When implemented correctly, a reverse mortgage can offer a great amount of stability and security to retirement. They offer fast cash and long-term care funding solutions. However, they’re not for everyone.
“Reverse mortgages can be powerful cash generators in those post-career years, when used properly.”Bob Carlson, Retirement Watch
What Is a Reverse Mortgage?
A reverse mortgage is a loan available to homeowners over the age of 62. Just as the name suggests, it’s the opposite of a traditional mortgage. A lender gives money to the homeowner based upon acquired home equity. The homeowner will receive monthly payments, one lump sum, or a line of credit. Unlike a traditional mortgage, the homeowner is not required to make monthly payments. Instead, the entire loan is repaid either when the house is sold, or when the homeowner passes away.
Income Boost – Seniors can get a significant boost to their income! Homeowners can choose how to receive their payment. These loans can be great for seniors who could use extra money to help pay bills or just want to supplement their income. Seniors with considerable home equity can use a reverse mortgage to help pay off their existing mortgage, and then have extra cash on hand. The borrower usually has freedom with how they spend their money. However, keep in mind that sometimes there will be restrictions. Make sure you ask questions!
Non-Taxable – Money received from a reverse mortgage is non-taxable. The lender pays the homeowner (money from the reverse mortgage) while they continue to live in the home. Since the IRS considers reverse mortgage payments as loan proceeds rather than income, they are not taxable. But, keep in mind, tax rules can seem very complicated. Consulting with a financial advisor is a good idea.
No Monthly Payments – You aren’t required to make monthly payments. Instead, the loan balance (including all fees and accumulated interest) is paid back upon the homeowner’s death or the sale of the home. The loan stays active so long as the borrower meets their loan obligations (paying taxes, insurance, and maintenance).
Costs and Fees – A reverse mortgage is not just free money. There are actually many added costs.

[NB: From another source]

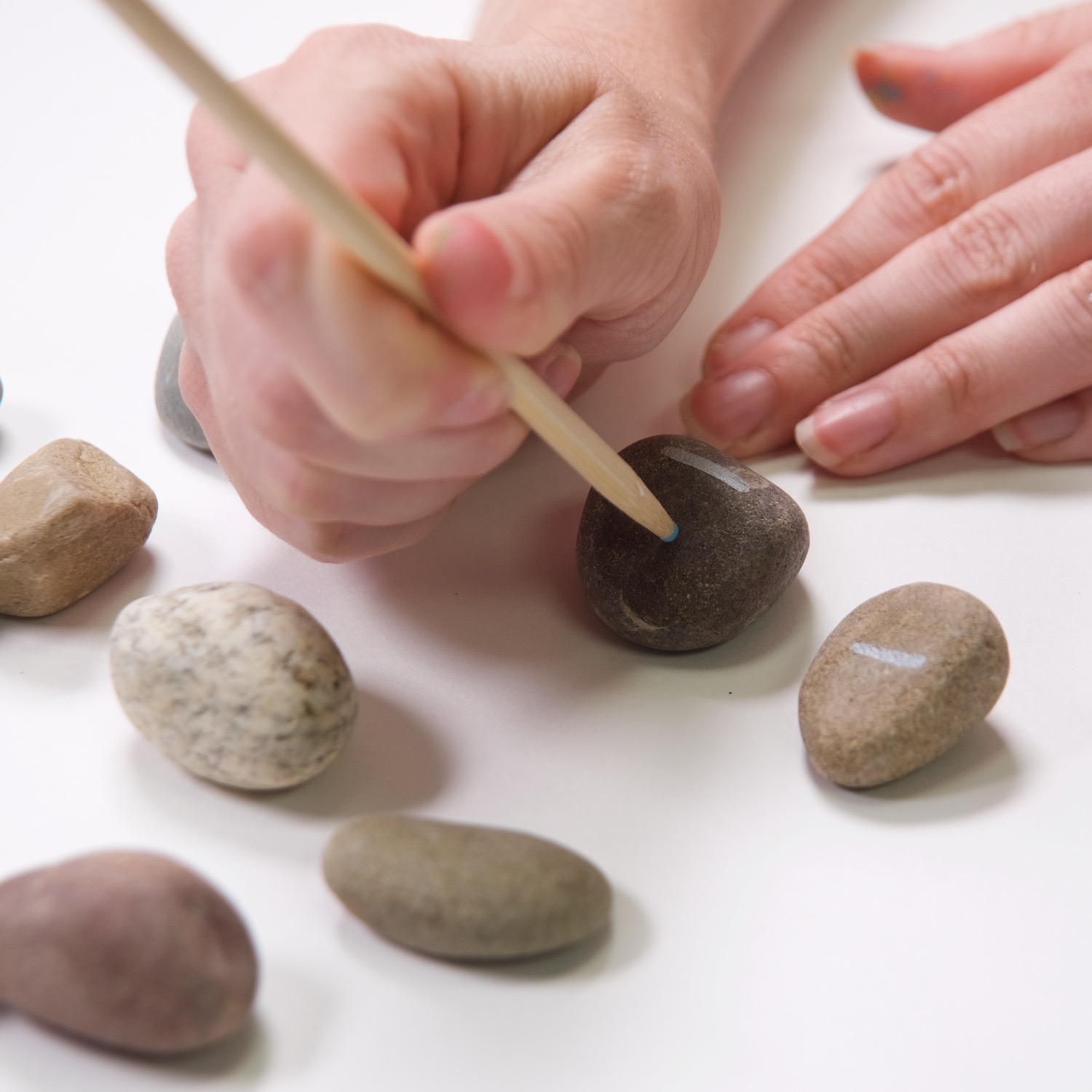 make acrylic paint dots with a wooden skewer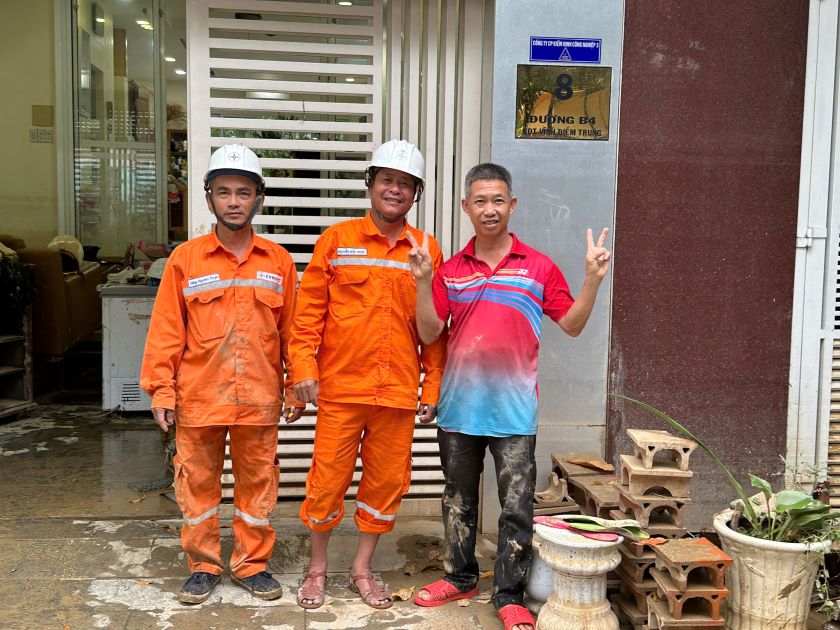 Chùm ảnh: Khánh Hòa- Niềm vui của người dân khi dòng điện được khôi phục sau trận lũ lịch sử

Lender fees, FHA insurance charges, and closing costs are just a few. These additional fees are added to the total loan balance. This results in a homeowner having more debt as time goes on. Also, since a reverse mortgage uses home equity, fewer assets are left for heirs.
Possibility of Foreclosure – Even though a monthly payment isn’t required, foreclosure can still be a potential risk. If a homeowner does not keep up with property taxes, regular bills, insurance, or the property’s maintenance, then the loan can become due early. If the homeowner is unable to reconcile these issues, the home could move to foreclosure. This is a serious risk.
Risk of Fraud – Seniors have long been prime targets for people looking to take advantage of others. Many scams involve “lenders” pitching overly complicated reverse mortgage plans that involve phony home value appraisals and inaccurate loan documents. These cons will often try to steal equity from a flipped property, leaving their victim with a mountain of debt.
Considering a Reverse Mortgage
A reverse mortgage might just be right for you! But, before making a decision, it’s best to consult with family or a financial advisor.
Shop around. Compare lenders. Weigh your options. And, don’t forget to ask questions!
Looking for senior housing or long-term care? Then, Start here!
Need financial advice? Bob Carlson, of Retirement Watch, can help!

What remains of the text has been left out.